### To do
Repeat the data below exactly. Include each line.

### Supplied information
────────────────────
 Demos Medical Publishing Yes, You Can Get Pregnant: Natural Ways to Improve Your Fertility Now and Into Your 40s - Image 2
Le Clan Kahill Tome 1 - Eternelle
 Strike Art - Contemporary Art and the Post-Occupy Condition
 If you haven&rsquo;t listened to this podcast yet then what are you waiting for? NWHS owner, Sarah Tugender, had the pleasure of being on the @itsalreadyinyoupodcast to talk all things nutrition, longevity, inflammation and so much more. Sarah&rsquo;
────────────────────
### Output
 Demos Medical Publishing Yes, You Can Get Pregnant: Natural Ways to Improve Your Fertility Now and Into Your 40s - Image 2
Le Clan Kahill Tome 1 - Eternelle
 Strike Art - Contemporary Art and the Post-Occupy Condition
 If you haven&rsquo;t listened to this podcast yet then what are you waiting for? NWHS owner, Sarah Tugender, had the pleasure of being on the @itsalreadyinyoupodcast to talk all things nutrition, longevity, inflammation and so much more. Sarah&rsquo;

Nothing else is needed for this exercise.